May 8th in 1970 was on a Friday too
Vincent Davis | 5/14/2020, midnight
It’s been 50 long years since the New York Knicks won the first of their two NBA Championships. Friday past, March 8, marked the most memorable night in their history. A dramatic 113-99 win over the Los Angeles Lakers at Madison Square Garden, long before its current owners branded it, the World’s Most Famous Arena.
In actuality, May 8, 1970 was also on a Friday. Michael Jackson, performing with four of his brothers, the Jackson 5, dropped their second album, “ABC,” a classic, on this day. The Beatles dropped one too, their last recorded studio album together, also a classic, “Let It Be.”
It was a year to the day before Muhammad Ali lost to Joe Frazier at MSG, the first of their three great fights. The Knicks surprisingly defeated the heavily favored Lakers in Game 7 that night although their star player, team captain, center Willis Reed, the MVP of the series who had severely torn a thigh muscle in the second quarter of Game 5 of the NBA Championship, wasn’t able to play in Game 6.

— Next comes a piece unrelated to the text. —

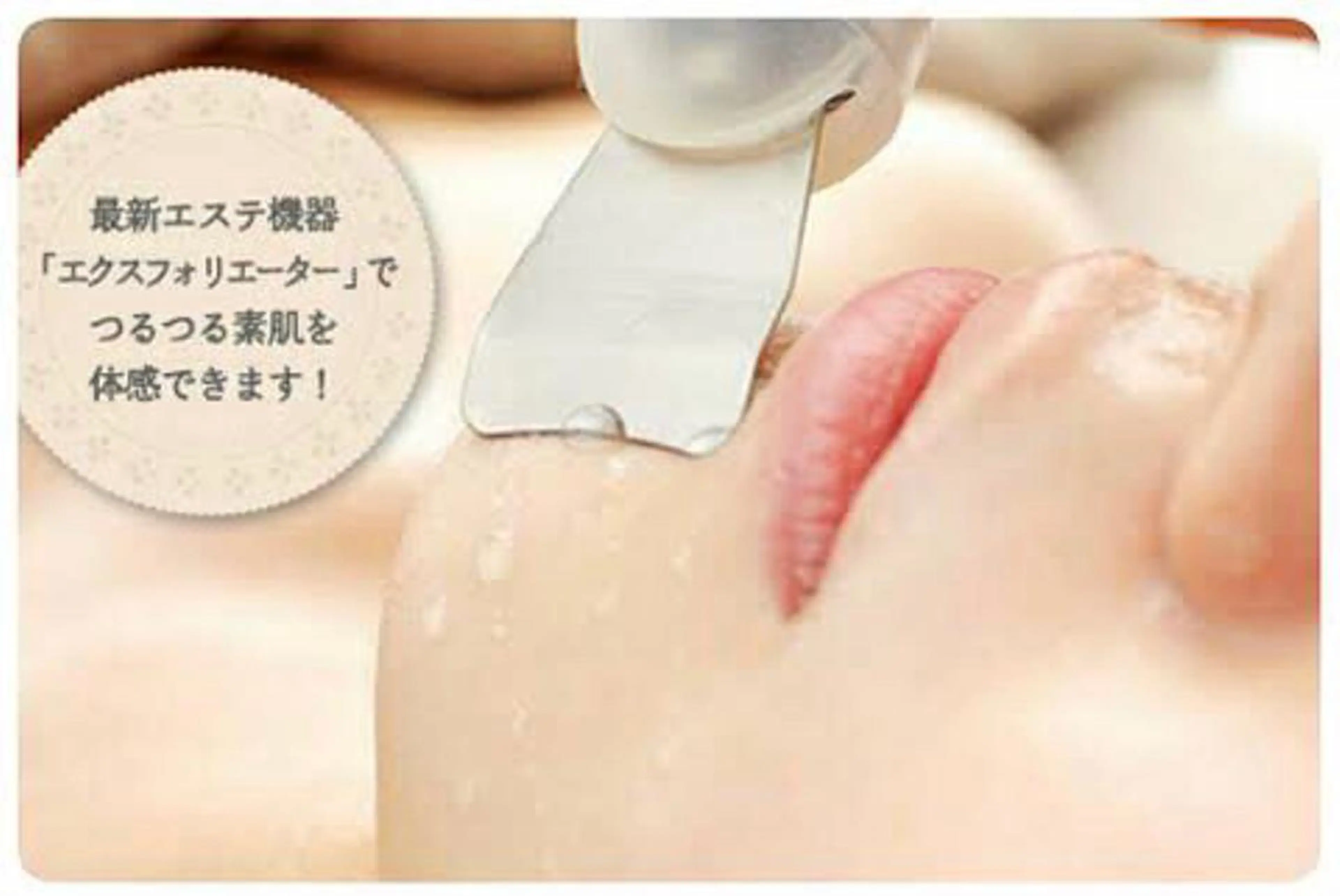 エクスフォリエーターの写真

Four days before the Knicks’ greatest win in their history, the Ohio National Guard had murdered four unarmed Kent State college students protesting the Vietnam War and the presence of the National Guard on their Ohio campus. Six days later, in Mississippi, police officers murdered two Jackson State HBCU college students during their peaceful, on-campus, anti-war protest.
Model Naomi Campbell and actress Tina Fey would be born later in the month. The first Earth Day was inaugurated a few weeks before. Rock legends Jimi Hendrix and Janis Joplin would die from drug-related causes later that year.
The Knicks’ greatest win in 1970 came during an interesting time in American history. The term, “It’s complicated,” doesn’t even properly describe it. There were a variety of problems in government. There were social problems and civil unrest and problems abroad, all compounded by the impact that the effects of drugs were beginning to have on our communities.
But with all of the unrest, the Knicks were able to navigate through the 1969-’70 season with the best record in basketball, a 60 and 22 season.
With only three rounds of playoffs back then, there were less teams. The Knicks defeated the Washington Bullets during Round 1 in a hard-fought seven games series. They overtook the Milwaukee Bucks with their 7-foot-plus center New York City prodigy Kareem Abdul Jabbar in five to represent the Eastern Conference.
The series with L.A. was also a battle. Future Hall of Famers Wilt Chamberlain and Jerry West, whose silhouette is used as the NBA logo, were on that team.
The Knicks won Game 1, held at the Garden, and lost the second. In Games 3 and 4 held in Los Angeles, the Knicks again won the first and lost the second. Both Games 3 and 4 went into overtime.
Game 5 where Reed was injured, with the Knicks team pulling out a win, was in New York. Game 6, the game that Reed was unable to play, was in L.A. It was the only blowout of the series, a 135-113 Lakers win. On the other hand, with a hobbled Reed surprisingly back in the lineup for Game 7 in New York, the Knicks pulled off a stunning defeat of the Lakers.
It’s the game where Reed, unannounced, walked through the Garden tunnel from the locker room emerging onto the court, shocking his teammates, the Lakers, and the crowd in attendance. Reed scored 4 of 5 of the Knicks’ first points of the game. The first, a short jumper off an assist from guard Walt “Clyde” Frazier, who had stepped to give one of the most amazing Game 7
performances in NBA history.
Frazier dropped 36 points and dished off 19 assists with 7 rebounds, making him responsible for 74 of the 113 points that the Knicks scored that night, the team’s 38th straight sellout that season.
During the post game interview with famed sports personality Howard Cosell, Frazier said, “With Willis out of the game, I had to contribute more offense.” He notably took it upon himself to do so.
Cosell responded, “You and the Knicks are world champions.” Clyde said proudly, twice, “Of all the world. Of the world.”